Yet within the Alice books are explorations of an adult life that venture as far as Carroll could risk going toward freedom from the duties, responsibilities, and arid self-limitations of modern society—and in this aspect we may discover the immediacy of their appeal to contemporary readers. Furthermore, in Carroll's ambiguous feelings toward the relatively stable middle-class society that oppressed him, and in his anxieties about the self-exposure that his nonsense barely cloaked, we discover something of the reasons why writers probing from within a culture turn predominantly to comedy—as they have done in England for a century and a half and in America for the last decade.
One of the pleasures, surely, of reading Alice in Wonderland is to witness the absurd and sometimes devastating ways in which a rather too well-bred little girl learns of the caprices of language and logic and of the alarmingly erratic tracks of her own mind. I am going to concentrate here, however, on what may be an even stronger source of its appeal to adult readers, the covert delight that we take in madcap behavior. Much of our enjoyment of all comedy lies in our realization that we, too, would like to play and carry on, just as the adult creatures of Wonderland and Through the Looking-Glass do. The creatures Alice meets are clearly grown-ups (with the exception of the Tweedles) and they are engaging in pastimes whose allure would seem to be peculiarly to adults.
What a pleasant change the caucus-race would be from the competition of most "games" and adult occupations: "they began running when they liked and left off when they liked," and at the end of the race "everybody has won and all must have prizes." How nice it would be to sit, as the Mock Turtle does, on a shingle by the sea, and sentimentally ruminate on one's experiences—to surrender to all the self-indulgence that seems too rarely possible in modern life. It is always teatime for the Mad Hatter, the March Hare, and the Dormouse, and people they don't like just aren't invited; "No room! No room!" says the Hare. When Humpty Dumpty uses a word it means what he chooses it to mean, neither more nor less...

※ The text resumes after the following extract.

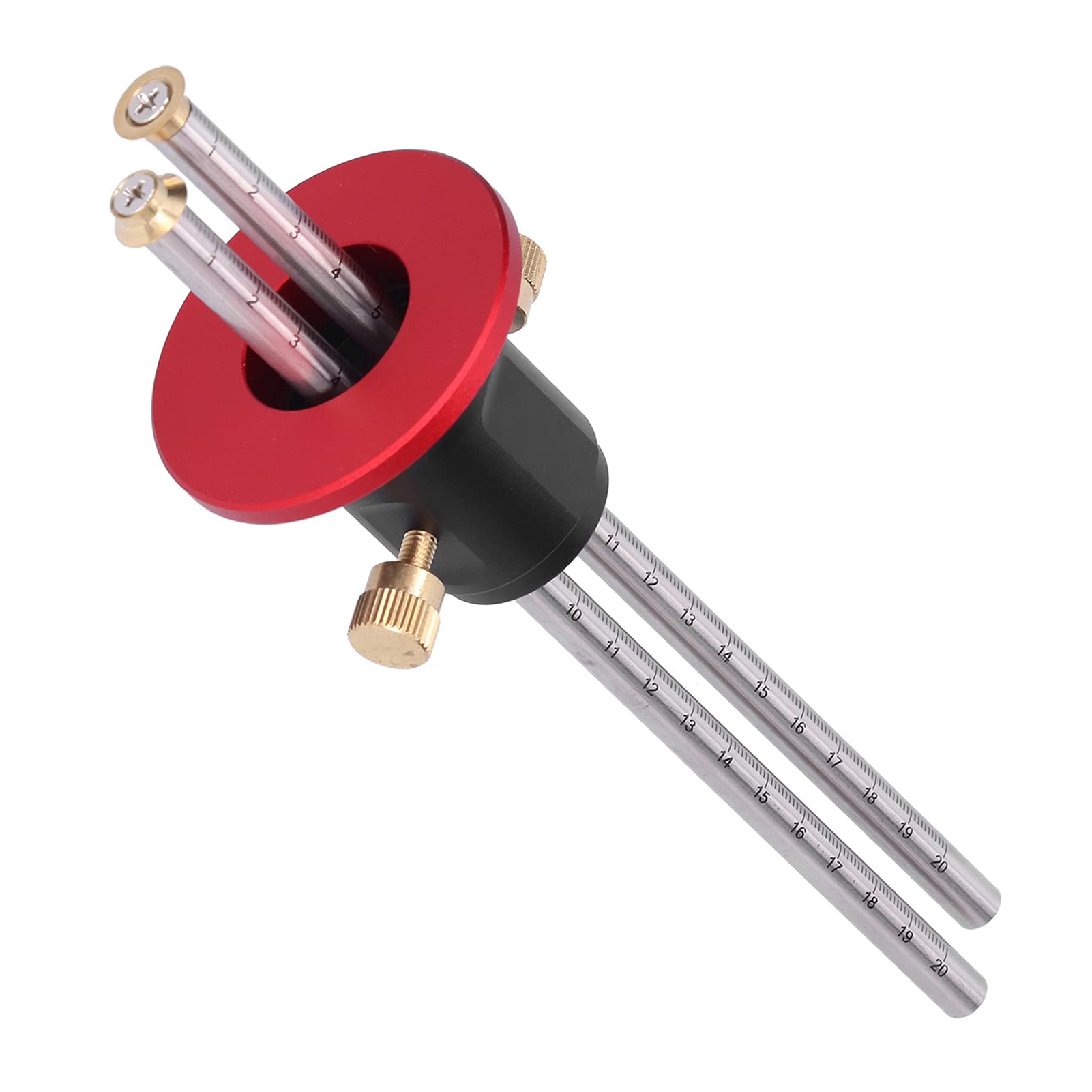 Plyisty Marking Gauge, Wood Scribe Tool, Double-Headed Line Ruler, 200mm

The exuberance of play, however, is often deliberately restrained by an arbitrary order of rules invented by the player, and this was especially important to Carroll . In this quality of personally devised order—the brief moments in the Alice books of creatures rehearsing their individual delights—one captures the pleasure of personal control of one's life, and perhaps achieves the stasis that so many Victorians sought in a rapidly changing world.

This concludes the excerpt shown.